[Collected data — start]

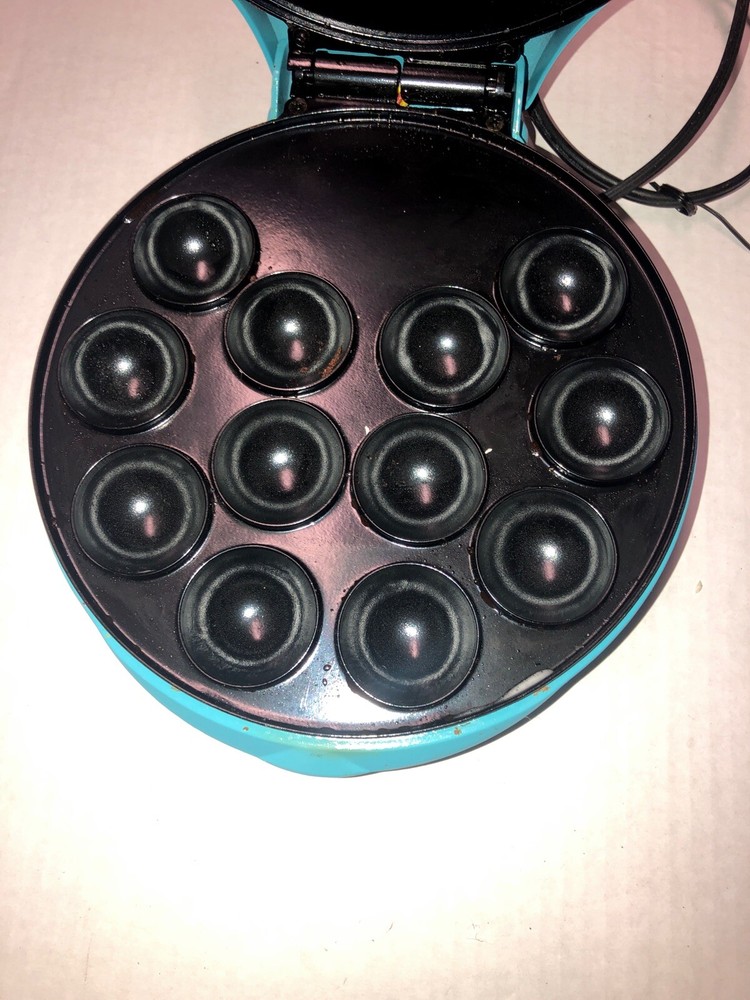 Bella Cake Pop and Donut Hole Maker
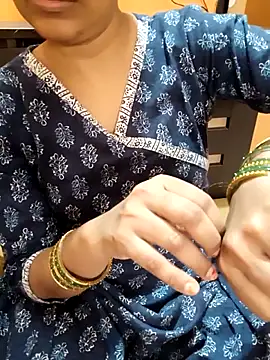 Diya 143 online show from November 2025 08:13:01 AM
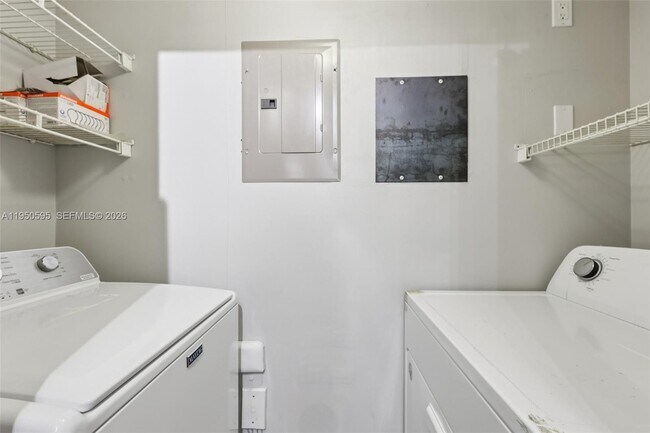 Building Photo - 2051 Renaissance Blvd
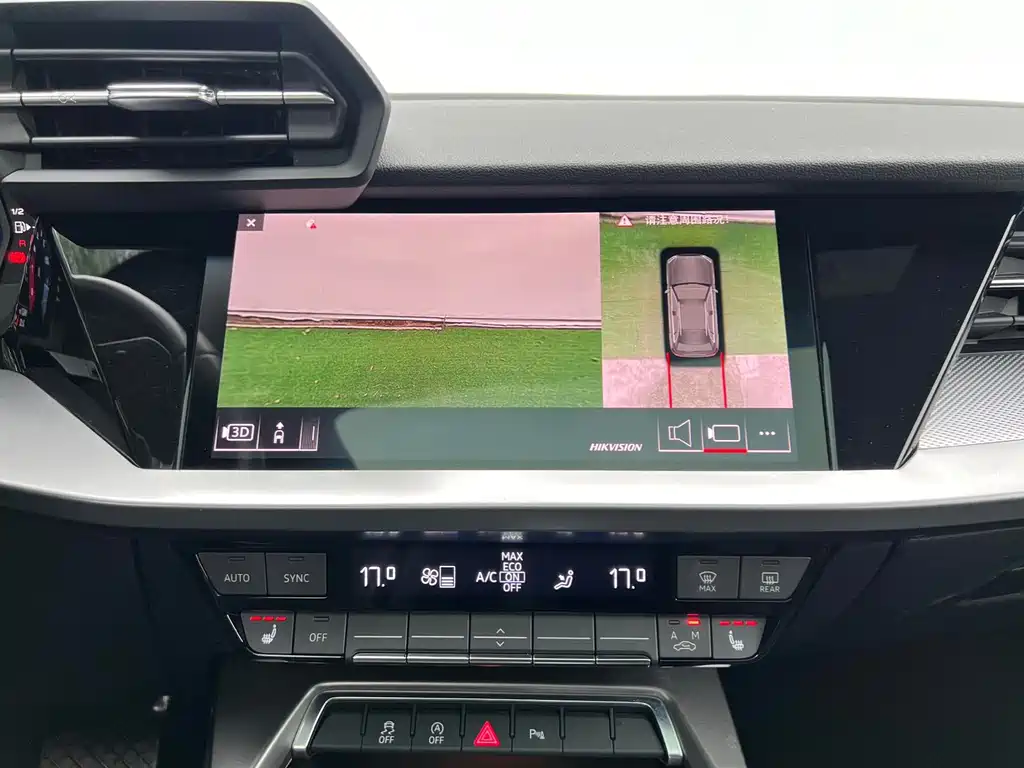 Audi A3 2023 — фото 11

[Collected data — finish]

» What you need to do
Give back the full listing exactly as written, only without its pictures.

» Answer for this exercise
 Bella Cake Pop and Donut Hole Maker
 Diya 143 online show from November 2025 08:13:01 AM
 Building Photo - 2051 Renaissance Blvd
 Audi A3 2023 — фото 11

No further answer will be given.